KEP 498: Synchronized Startup Support for JobSets #499

danielvegamyhre · 2024-04-05T18:12:25Z

Design for #498

k8s-ci-robot · 2024-04-05T18:12:37Z

[APPROVALNOTIFIER] This PR is APPROVED

This pull-request has been approved by: danielvegamyhre

The full list of commands accepted by this bot can be found here.

The pull request process is described here

Needs approval from an approver in each of these files:

~~OWNERS~~ [danielvegamyhre]

Approvers can indicate their approval by writing /approve in a comment
Approvers can cancel approval by writing /approve cancel in a comment

netlify · 2024-04-05T18:12:42Z

✅ Deploy Preview for kubernetes-sigs-jobset canceled.

Name	Link
🔨 Latest commit	`bc9f18a`
🔍 Latest deploy log	https://app.netlify.com/sites/kubernetes-sigs-jobset/deploys/6610515e717d350008df2864

kannon92 · 2024-04-05T18:24:57Z

nit, Fixes means that this issue will get closed on the KEP PR merge.

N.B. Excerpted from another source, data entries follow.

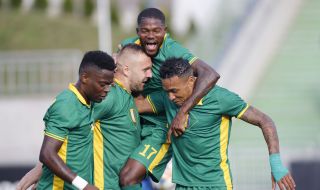 Козмин Моци потвърди, че Лудогорец обмисля още няколко нови класни попълнения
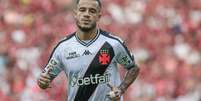 Philippe Coutinho em ação pelo Vasco Foto: Philippe Coutinho em ação pelo Vasco ( Matheus Lima/Vasco) / Gávea News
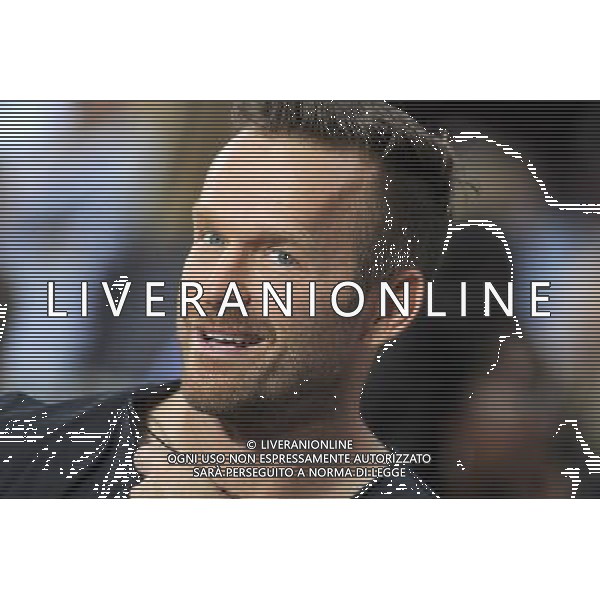 Bob Harper attends the NBC\'s \'Today\' Labor Day Concert at the NBC\'s TODAY Show on September 2, 2013 in New York, New York. ©PHOTOSHOT/AGENZIA ALDO LIVERANI SAS - ITALY ONLY - EDITORIAL USE ONLY
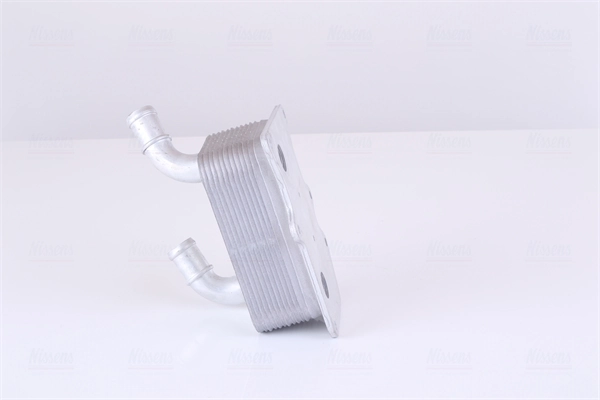 Radiator ulei, ulei motor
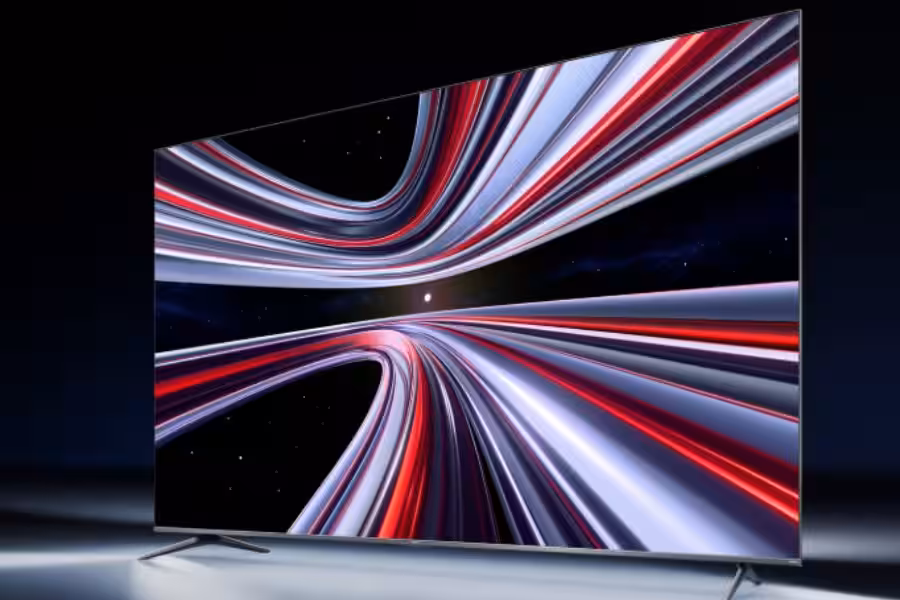Redmi TV X 2026 98-inch TV with Mini LED panel and HyperOS 3 3 system released redmi tv x 98 inch 2026 launch specs price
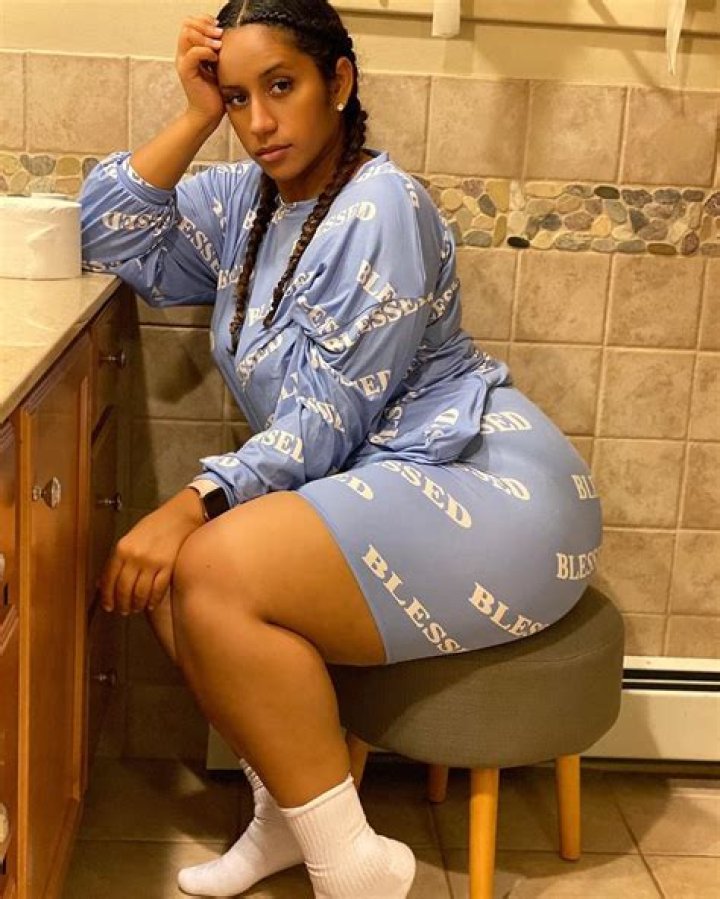 Tiana Tee Wiki, Height, Age, Family, Facts, Net Worth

danielvegamyhre · 2024-04-05T18:26:00Z

nit, Fixes means that this issue will get closed on the KEP PR merge.

Updated, thanks!

keps/498-GroupScheduling/README.md

kannon92 · 2024-04-05T18:36:43Z

keps/498-GroupScheduling/README.md

+
+For statically provisioned clusters, we have recommended users use Kueue to handle group scheduling of JobSets once sufficient resources are available.
+
+However, for dynmaically provisioned clusters, we have no support for group scheduling in JobSet yet.


So kueue will support dynamically provisioned clusters if there is support in it for jobset?

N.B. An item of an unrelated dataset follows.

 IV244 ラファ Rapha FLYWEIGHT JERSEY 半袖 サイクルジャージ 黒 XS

I don't think Kueue will support dynamic provisioning, we need pods to be pending in order to trigger the dynamic provisioning for them, but Kueue keeps the Jobs in a suspended state (i.e., no pods created) until there is sufficient resources for them.

I meant we have no group scheduling support for JobSets that are being run independently without Kueue. This specifically becomes an issue on clusters using dynamic node pool provisioning. I updated this section for clarity.

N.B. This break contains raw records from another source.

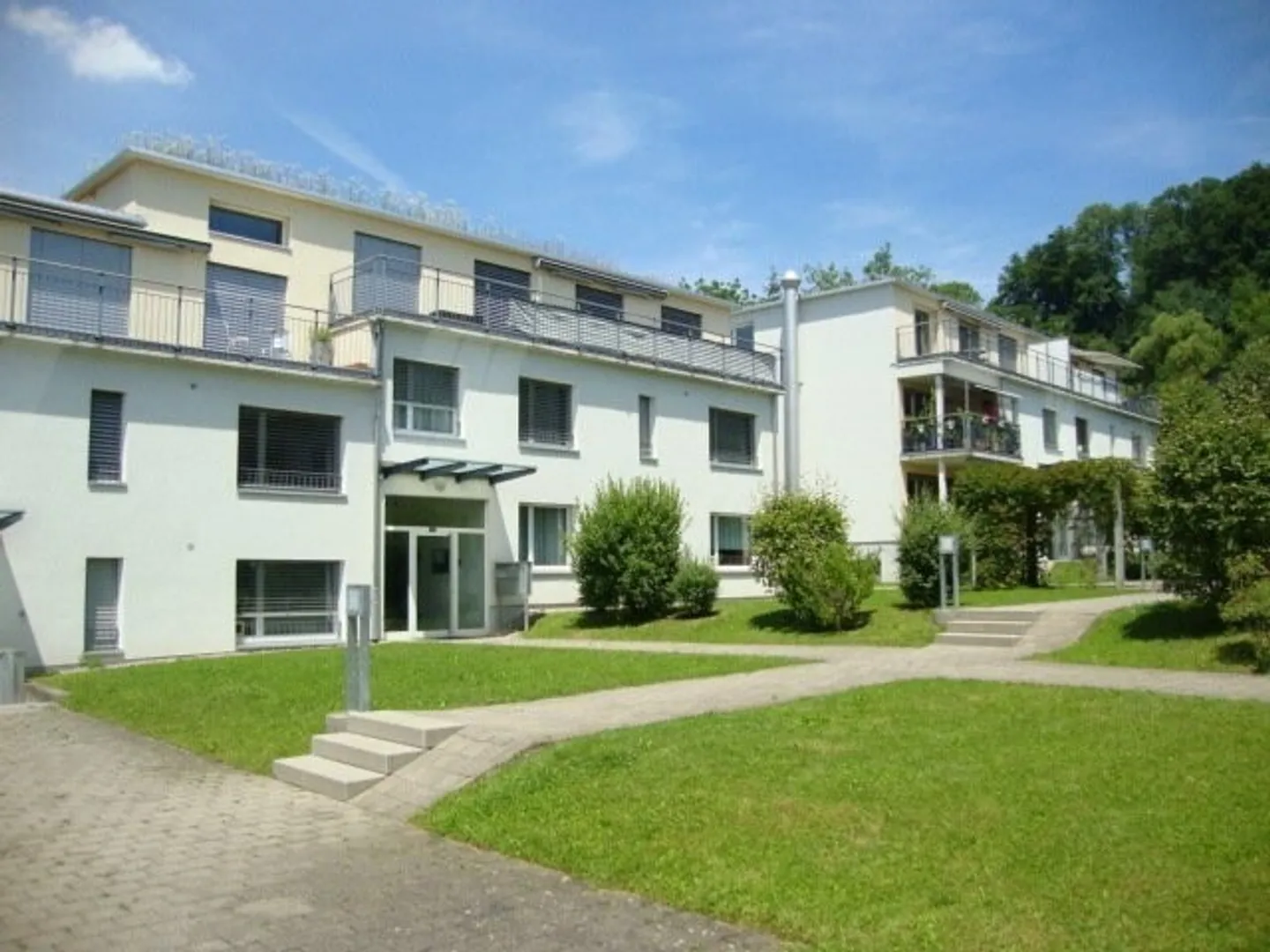 Einstellplätze zu vermieten - Foto 1 von 1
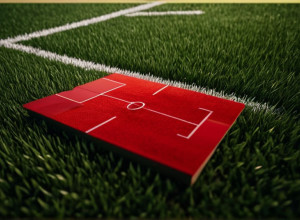 DFB anunță o pedeapsă surprinzătoare pentru Dominik Kohr de la Mainz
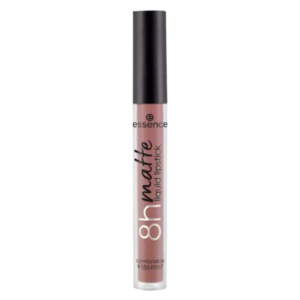 Essence 8h Matte Liquid Lipstick 02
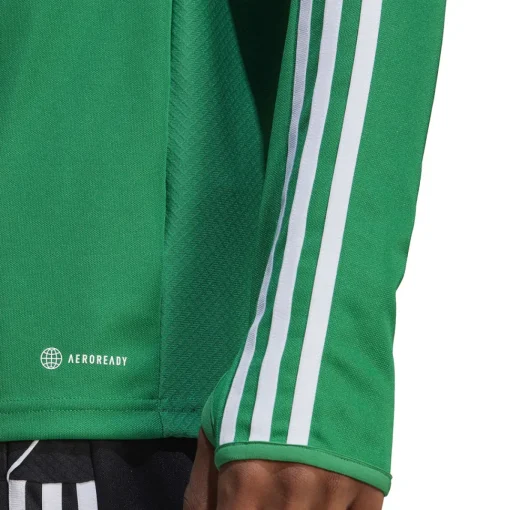 Adidas Herren Trainingstop Tiro 23 grün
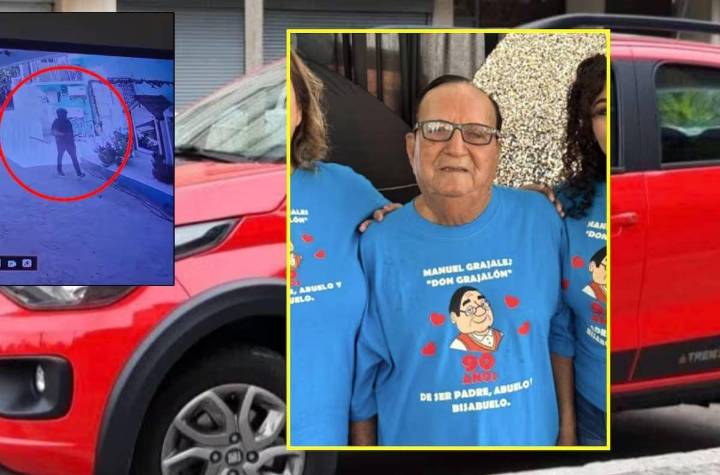 Confirman asesinato de Manuel Grajales, reconocido hotelero campechano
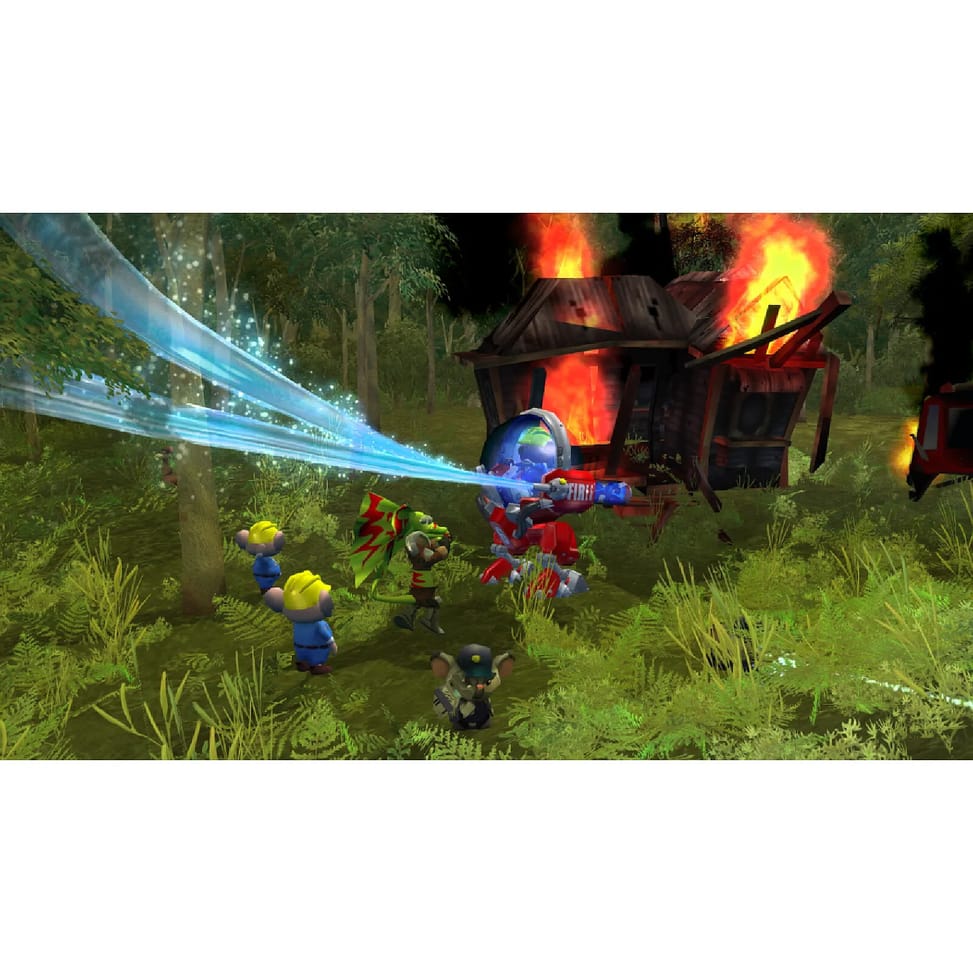 TY the Tasmanian Tiger™ HD Bush Rescue Bundle Nintendo Switch — image 4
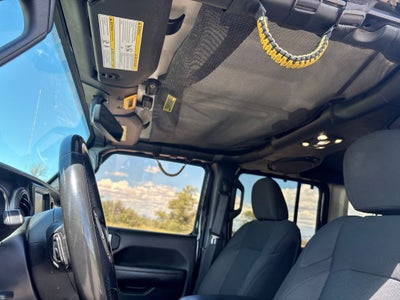 2022 Jeep Wrangler Unlimited High Tide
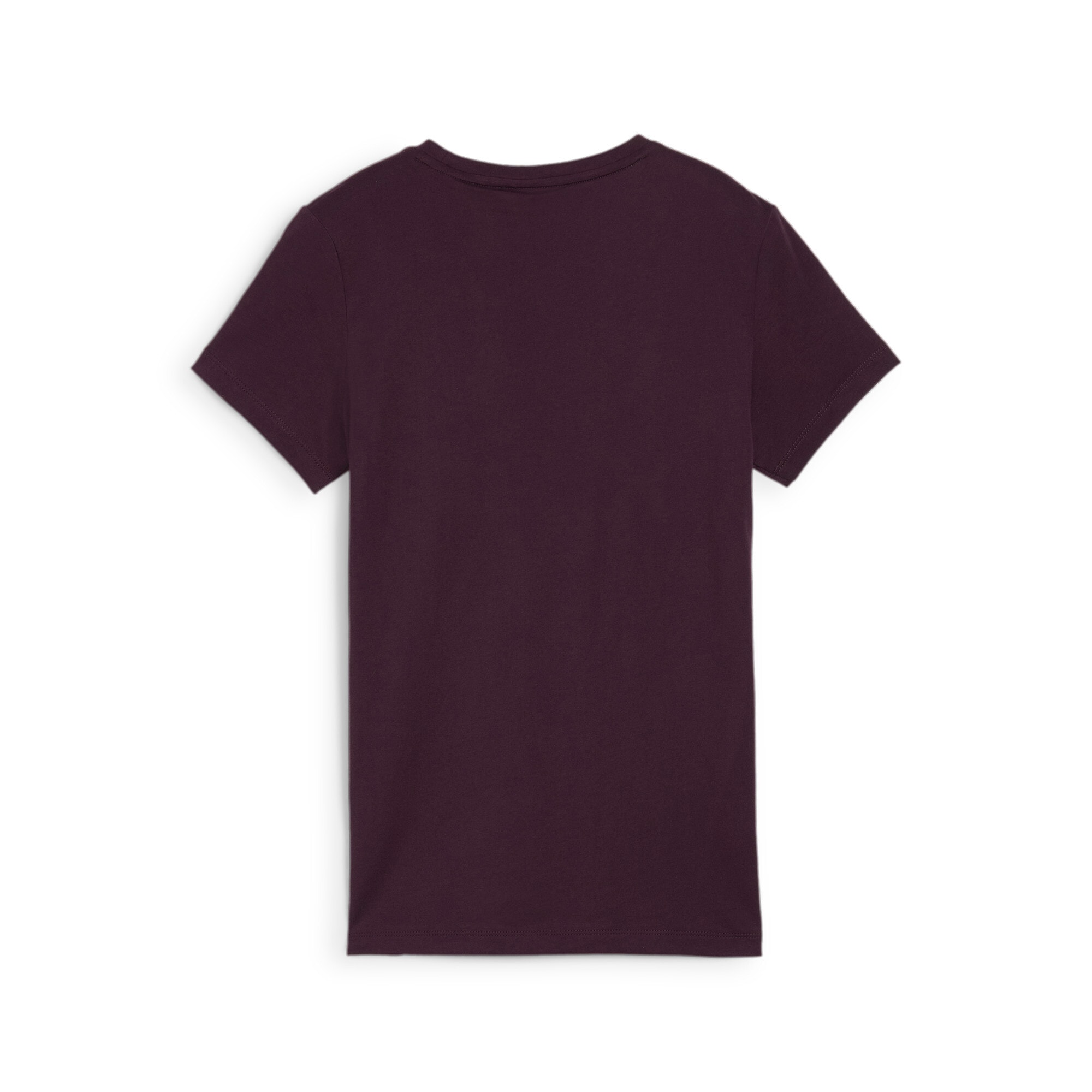 PUMA T-Shirt »ESS LOGO TEE (S)«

keps/498-GroupScheduling/README.md

kannon92 · 2024-04-05T18:44:36Z

keps/498-GroupScheduling/README.md

+              initContainers:
+                # Check if the started file is present before exiting and starting the main container.
+                - name: group-scheduling-init
+                  image: bash


Will we provide configuration on the init container that gets injected?

Generally I wonder about the image, registry settings, image pull secrets.

I was thinking about either just using bash:latest (or bash at a specific tag we've tested at).

The command executed in the initContainer will be injected by the JobSet webhook, see the example of the JobSet spec after injection in the implementation section.

Yea, I'm concerned that some users may require that all containers have image pull secrets. Or they want to use a special registry for their containers. Maybe they want to avoid pulling images from dockerhub or want to use quay as their registry.

Maybe this is YANGI..

For example, in openshift, we also have a lot of cases where people use security context and volumes may have selinux label issues.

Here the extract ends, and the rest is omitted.